In altri termini non si tiene conto che, sul piano della tenuta costituzionale delle disposizioni di legge “di favore” sulle stabilizzazioni, l’unica lettura possibile era ed è quella che non solo attribuisce loro una natura anche “riparatoria” (a fronte di un uso
quanto meno opaco del ricorso allo strumento del rapporto di lavoro a termine) ma che in ogni caso mira conservare, anche a tutela del buon andamento degli uffici (ex art. 97 della Costituzione), la professionalità indubbiamente acquisita dal dipendente pubblico da stabilizzare.
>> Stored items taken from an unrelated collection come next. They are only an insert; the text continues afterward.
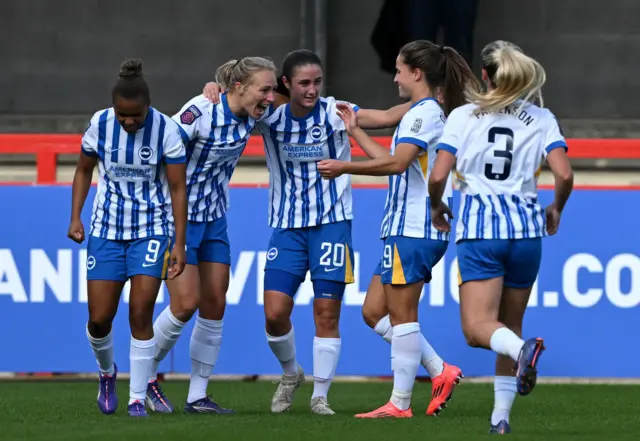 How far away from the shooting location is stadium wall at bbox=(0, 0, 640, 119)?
12.2 meters

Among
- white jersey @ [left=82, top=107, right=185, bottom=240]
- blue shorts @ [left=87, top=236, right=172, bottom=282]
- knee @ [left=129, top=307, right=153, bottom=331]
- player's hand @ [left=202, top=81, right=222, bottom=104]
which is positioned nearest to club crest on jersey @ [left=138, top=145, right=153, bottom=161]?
white jersey @ [left=82, top=107, right=185, bottom=240]

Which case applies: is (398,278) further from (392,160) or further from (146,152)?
(146,152)

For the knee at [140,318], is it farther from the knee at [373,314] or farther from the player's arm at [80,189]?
the knee at [373,314]

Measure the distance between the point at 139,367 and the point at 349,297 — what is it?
2371mm

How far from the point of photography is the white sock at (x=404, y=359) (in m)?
7.23

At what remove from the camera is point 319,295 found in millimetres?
7430

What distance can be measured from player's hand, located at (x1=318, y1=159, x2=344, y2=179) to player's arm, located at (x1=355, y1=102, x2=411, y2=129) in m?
0.61

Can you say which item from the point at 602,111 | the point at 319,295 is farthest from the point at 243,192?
the point at 602,111

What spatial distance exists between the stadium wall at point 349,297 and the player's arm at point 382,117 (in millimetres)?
1695

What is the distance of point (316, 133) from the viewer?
739cm

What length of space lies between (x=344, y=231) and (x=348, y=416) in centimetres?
88

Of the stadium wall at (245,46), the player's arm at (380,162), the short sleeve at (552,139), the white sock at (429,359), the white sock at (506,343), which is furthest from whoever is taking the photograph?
the stadium wall at (245,46)

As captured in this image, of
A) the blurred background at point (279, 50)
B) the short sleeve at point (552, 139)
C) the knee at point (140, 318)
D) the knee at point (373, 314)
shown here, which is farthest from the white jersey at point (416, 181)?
the blurred background at point (279, 50)

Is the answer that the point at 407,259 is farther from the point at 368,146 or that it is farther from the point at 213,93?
the point at 213,93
Sicché, nell’auspicare un ripensamento di tale orientamento giurisprudenziale, la natura eccezionale ed eccentrica dell’istituto delle stabilizzazioni (rispetto alla regola generale del concorso pubblico) avrebbe dovuto, casomai, condurre, a ritenere che sussista
un’inestricabile connessione con la qualifica funzionale posseduta costituente l’ineludibile titolo di accesso al suo percorso riservato e privilegiato di immissione in ruolo a tempo indeterminato.
D’altronde, la fallacia del ragionamento della ordinanza qui commentata, e della sua perentoria affermazione secondo la quale “l’amministrazione” potrebbe “esercitare la sua facoltà di procedere alla copertura a fronte di una rilevata carenza di organico con
riferimento ad altra e diversa posizione professionale”, si coglie ulteriormente ove solo si pensi che siffatta conclusione sembrerebbe addirittura legittimare un inquadramento in ruolo anche in una qualifica superiore a quella posseduta nel periodo di lavoro precario,
con buona pace ancora una volta dell’art. 97 della Costituzione e del presidio invalicabile del concorso pubblico (ovvero di quello interno) anche come forma di progressione in carriera.
Ritornando, quindi, al punto di partenza di queste brevi righe, per quanto il rapporto di lavoro pubblico mantenga un’indubbia distonia rispetto a quello di diritto comune, talvolta si ha davvero la sensazione che le preoccupazioni delle possibili ricadute finanziarie, di talune pronunzie giudiziali, finiscano per travolgere il diritto del lavoro e con esso, anche, e soprattutto i diritti dei lavoratori, come nel caso qui esaminato.